This section is from the book "Popular Law Library Vol1 Introduction To The Study Of Law Legal History", by Albert H. Putney. Also see: Popular Law-Dictionary.
The growth of the extraordinary or equitable jurisdiction of the Chancery Courts was always viewed with jealousy by the common law judges, and at times openly resisted. No other claim made by the equity judges was so extremely distasteful to the common law judges as their attempts to interfere by injunctions in proceedings before other courts. In 22 Edward IV, Chief Justice Hussey advised the attorney for a plaintiff who had been enjoined from trying to collect his judgment, to proceed with execution regardless of such injunction, promising to release him on habeas corpus if he were committed for contempt of court. Upon this occasion the Chancery judges were compelled to give way.
During the reign of Henry VIII, a barrister was indicted in the Court of the King's Bench under the statute of praemunire for seeking such an injunction in the Chancery Court. The final result of the action is not recorded.
•The contest on this point reached its climax in the reign of James I. The question, after having been argued with great ability by Chief Justice Cole and Chancellor Ellesmere, was finally referred to the King, by whom it was referred to a commission with Lord Bacon at its head. The decision of this commission was in favor of the contentions of the Court of Equity.
An illustration of the interference of equity courts in cases before Common Law Courts is found in the case of Clayborne vs. RoyIn, B. 1574, Cal. 342.
The Mayor of Lynn had punished the defendant for incontinence, on which she brought an action against him for false imprisonment; the mayor filed a bill for an injunction. To what head of jurisdiction this application was addressed does not appear. The matter was referred to three masters. They reported that, although it appeared not to them that there was sufficient proof made before the plaintiff, late Mayor of Lynn, whereby he should justly proceed to the punishment of the defendant in such sort as he did, yet they found too much likelihood of evil behavior and suspicion of incontinency testified by some witnesses against the defendant, that they thought it very convenient that the actions should be stayed, which the defendant had commenced at the common law, and thereupon this court to take such further order between the parties as to the same shall be thought meet; and an injunction was awarded accordingly.

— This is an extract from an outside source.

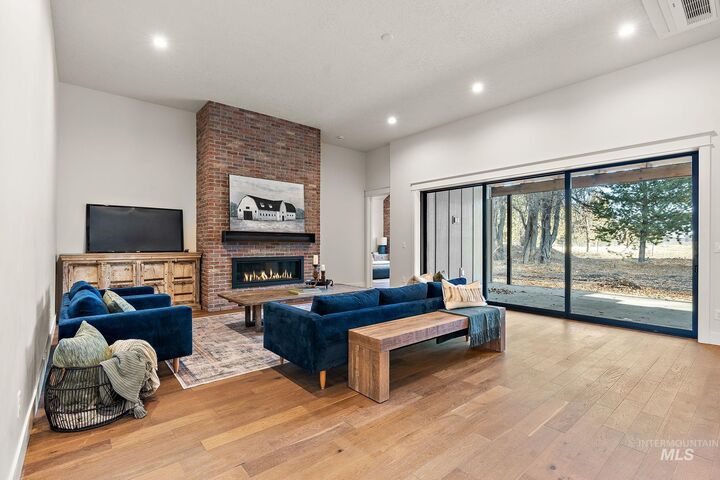 Property Photo: 116 S Carbon Rivet Ave ID 83616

This authority to issue injunctions of this character was about the last new power obtained by the Courts of Equity. What may be called the formu-lative period of equity came to an end about the beginning of the seventeenth century, and new actions could no longer be created by the authority and will of the judges themselves.
At the time of the establishment of the English colonies in America, the equity courts had reached their full development and existed as a distinct system of courts, independent of, but auxiliary to the common law courts, and as such were carried over in America.